*What you should do:*
Please set down, with no changes, every line of the material below from the one containing "Plat de service Dovecove Tannum" through the end. Skip the pictures.

*Data excerpt:*

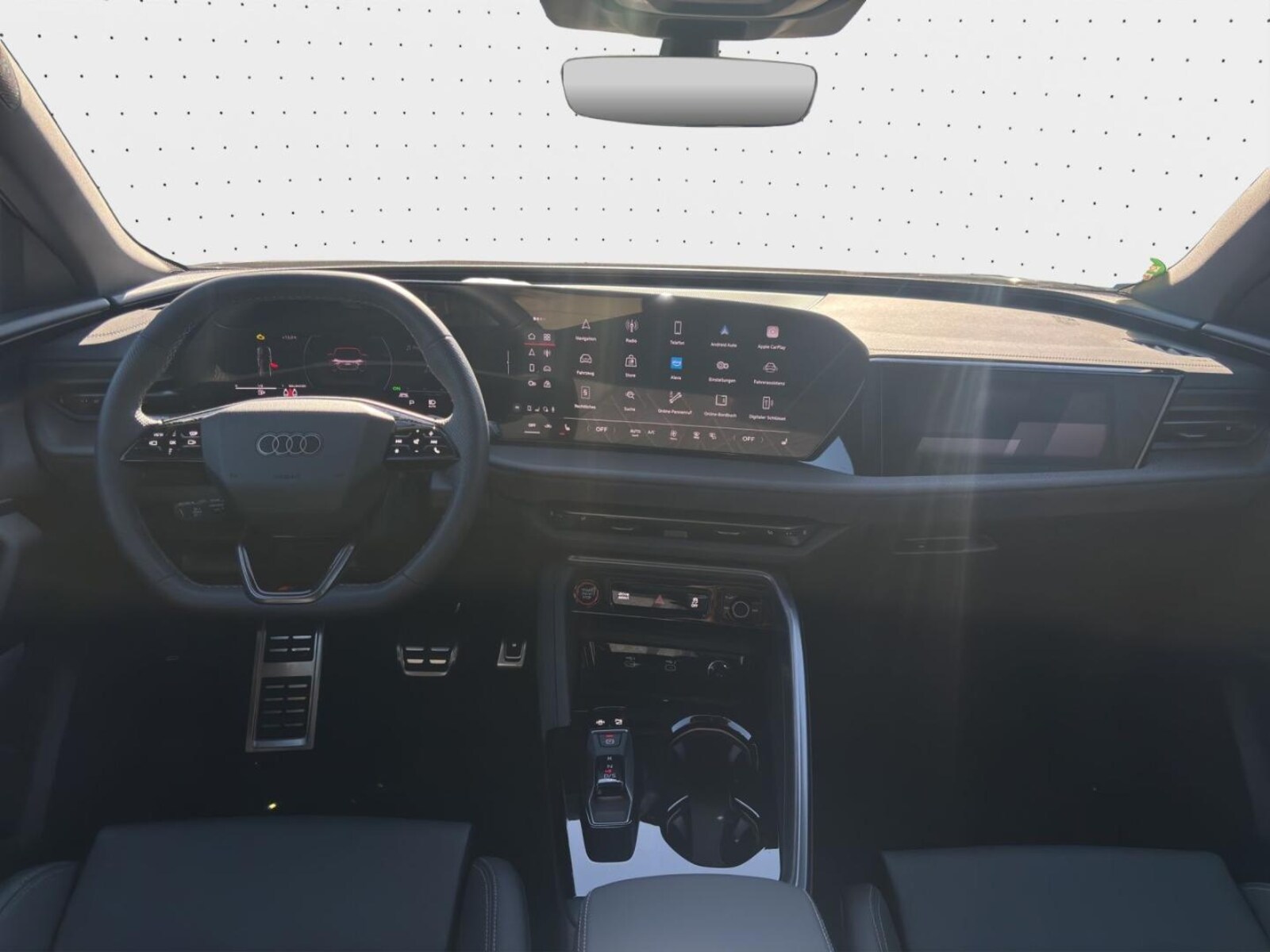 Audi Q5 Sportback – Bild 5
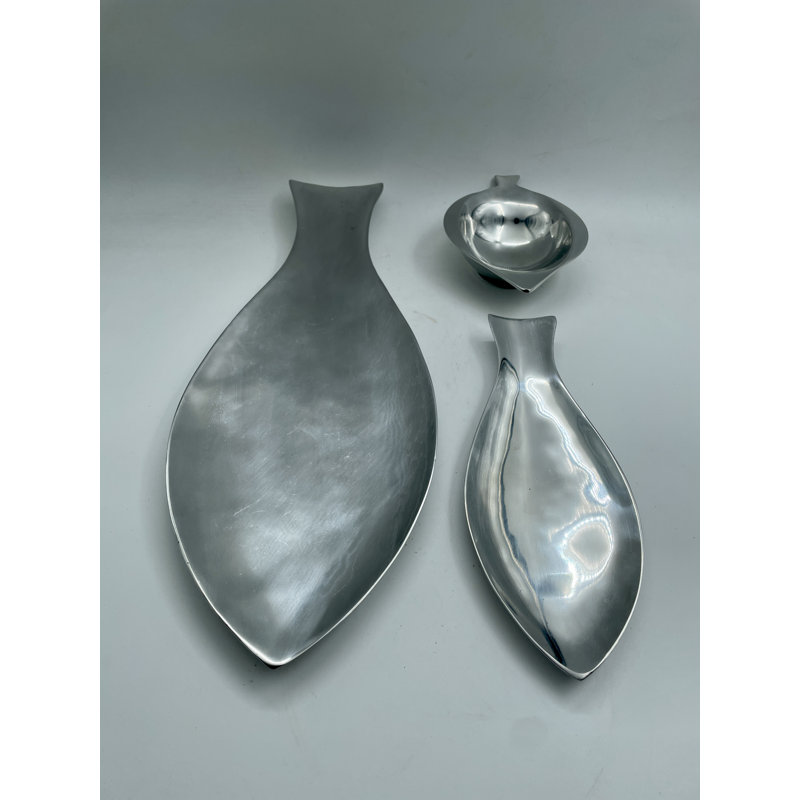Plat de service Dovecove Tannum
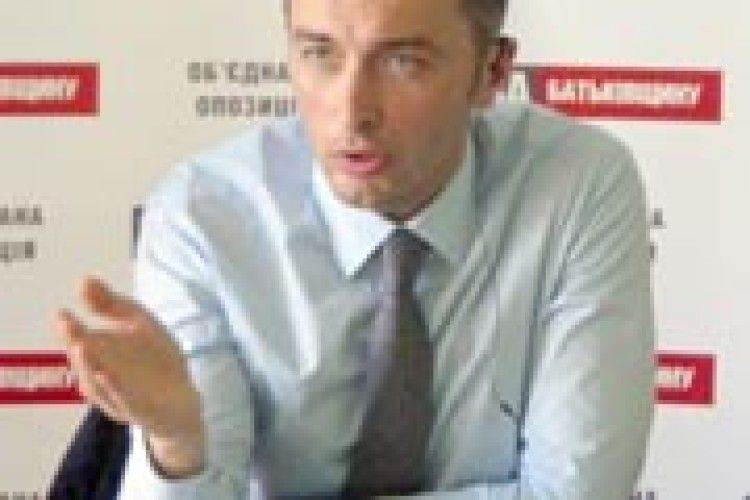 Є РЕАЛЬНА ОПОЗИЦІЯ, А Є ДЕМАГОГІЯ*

*Solution:*
Plat de service Dovecove Tannum
 Є РЕАЛЬНА ОПОЗИЦІЯ, А Є ДЕМАГОГІЯ*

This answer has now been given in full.